Published on *Astronomy 801: Planets, Stars, Galaxies, and the Universe* (https://www.e-education.psu.edu/astro801)

Additional reading at www.astronomynotes.com [1]

Credit: Wikimedia Commons [3]

Kepler was a sophisticated mathematician, and so the advance that he made in the study of the motion of the planets was to introduce a mathematical foundation for the heliocentric model of the solar system. Where Ptolemy and Copernicus relied on assumptions, such as that the circle is a “perfect” shape and all orbits must be circular, Kepler showed that mathematically a circular orbit could not match the data for Mars, but that an *elliptical* orbit did match the data! We now refer to the following statement as Kepler’s First Law:

- The planets orbit the Sun in ellipses with the Sun at one focus (the other focus is empty).

For more information about ellipses, you can read in gory mathematical detail the page hosted at Mathworld [4], and there is also information on ellipses in Wikipedia [5].
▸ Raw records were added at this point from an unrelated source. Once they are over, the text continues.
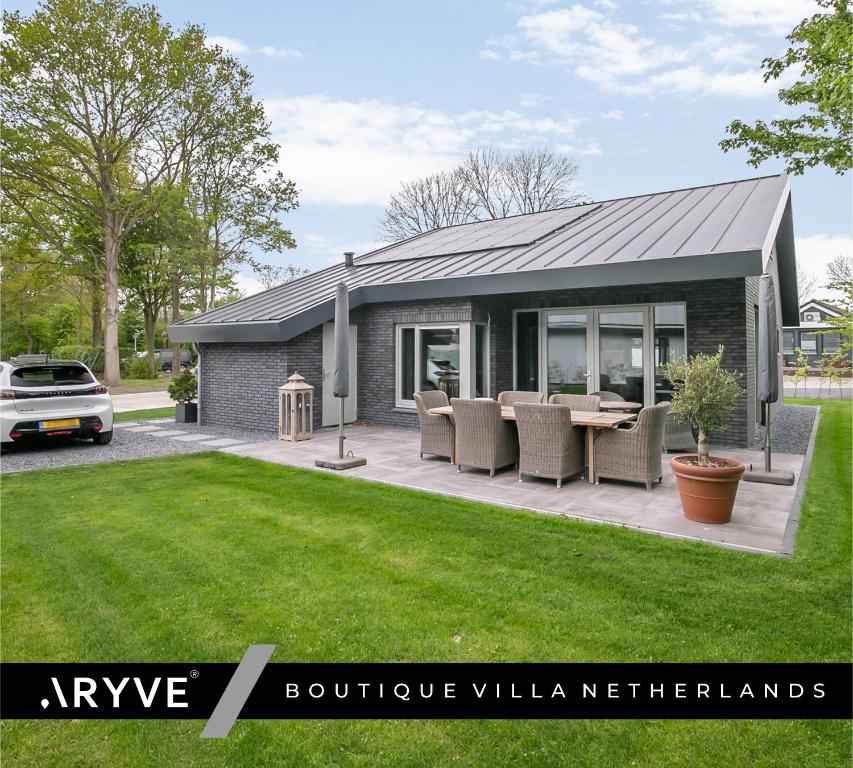 a house with a table and chairs in a yard at VILLA ARYVE in See-, Strand- und Golfplatznähe inklusive NETFLIX, Bad en Suite und Wohlfühlgarantie in Dirkshorn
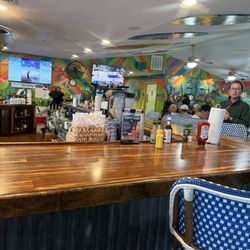 The Reef Bar and Grill - At door to outside seating with bat and inside seating in the foreground.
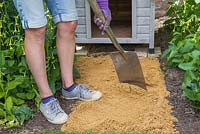 Filling the excavated channel with sharp sand, as a base to ensure the stone path remains sturdy and in position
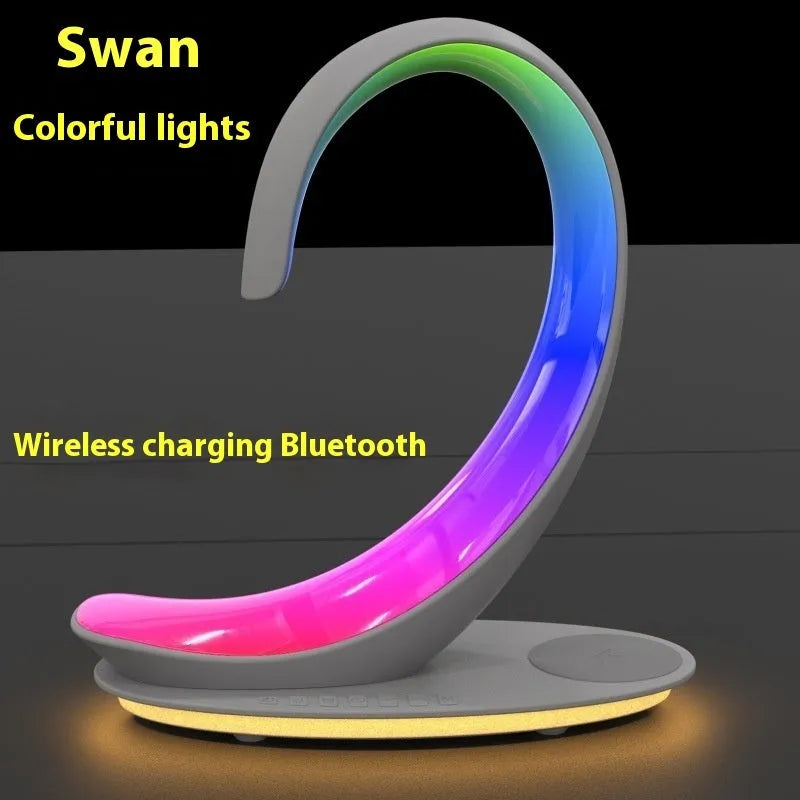 White swan shaped desk lamp with wireless charging pad, Bluetooth speaker and colourful LED lighting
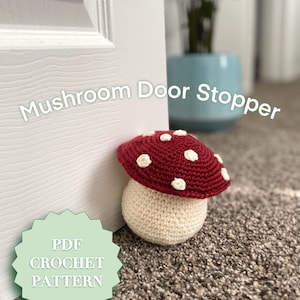 Puede incluir: Un tapón de puerta de ganchillo en forma de seta de color rojo y blanco. La seta está sobre una alfombra marrón junto a una puerta blanca. El texto "PDF CROCHET PATTERN" está sobre una estrella verde.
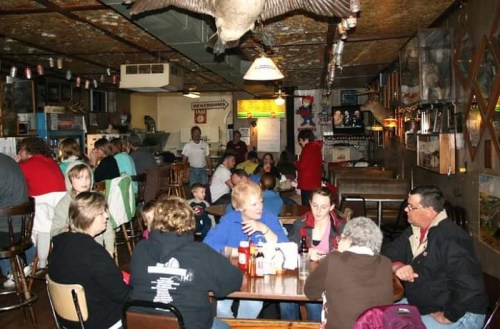 A busy restaurant interior with patrons at tables, a bar, and decor including a mounted bird overhead.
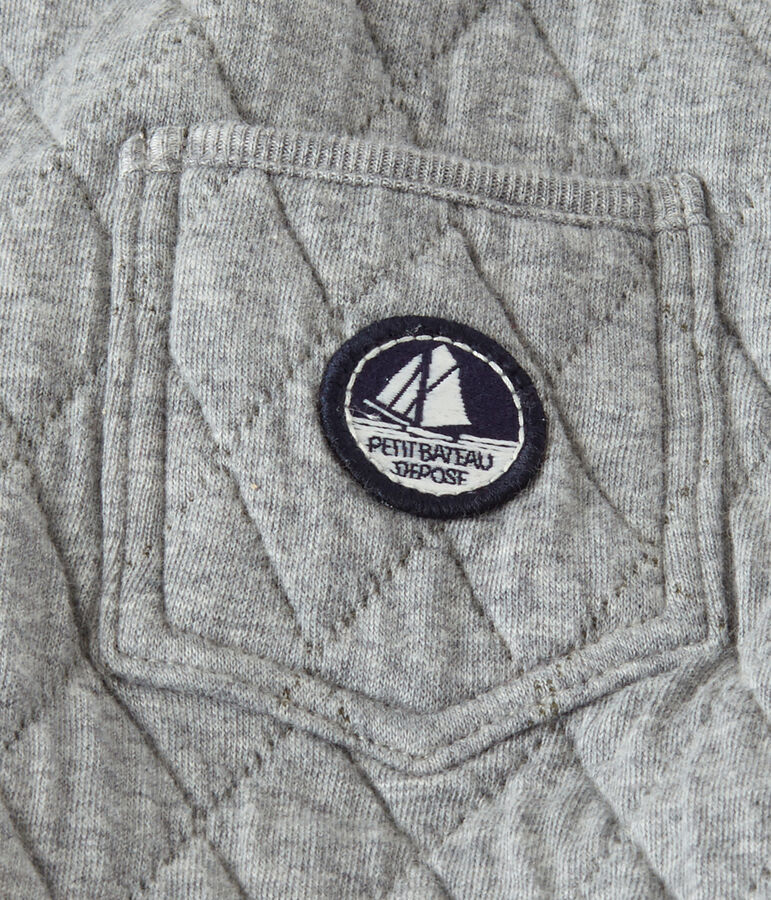 Peto beb&eacute; ni&ntilde;o en t&uacute;bico acolchado. gris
Here is a demonstration of the classic method for drawing an ellipse:

Credit: Wikipedia [6]

The two thumbtacks in the image represent the two foci of the ellipse, and the string ensures that the sum of the distances from the two foci (the tacks) to the pencil is a constant. Below is another image of an ellipse with the major axis and minor axis defined:

Credit: Wikipedia [7]

We know that in a circle, all lines that pass through the center (diameters) are exactly equal in length. However, in an ellipse, lines that you draw through the center vary in length. The line that passes from one end to the other and includes both foci is called the **major axis**, and this is the longest distance between two points on the ellipse. The line that is perpendicular to the major axis at its center is called the **minor axis**, and it is the shortest distance between two points on the ellipse.

In the image above, the green dots are the foci (equivalent to the tacks in the photo above). The larger the distance between the foci, the larger the **eccentricity **of the ellipse. In the limiting case where the foci are on top of each other (an eccentricity of 0), the figure is actually a circle. So you can think of a circle as an ellipse of eccentricity 0. Studies have shown that astronomy textbooks introduce a misconception by showing the planets' orbits as highly eccentric in an effort to be sure to drive home the point that they are ellipses and not circles. In reality the orbits of most planets in our Solar System are very close to circular, with eccentricities of near 0 (e.g., the eccentricity of Earth's orbit is 0.0167). For an animation showing orbits with varying eccentricities, see the eccentricity diagram [8] at "Windows to the Universe." Note that the orbit with an eccentricity of 0.2, which appears nearly circular, is similar to Mercury's, which has the *largest* eccentricity of any planet in the Solar System. The elliptical orbits diagram [9] at "Windows to the Universe" includes an image with a direct comparison of the eccentricities of several planets, an asteroid, and a comet. Note that if you follow the Starry Night instructions on the previous page to observe the orbits of Earth and Mars from above, you can also see the shapes of these orbits and how circular they appear.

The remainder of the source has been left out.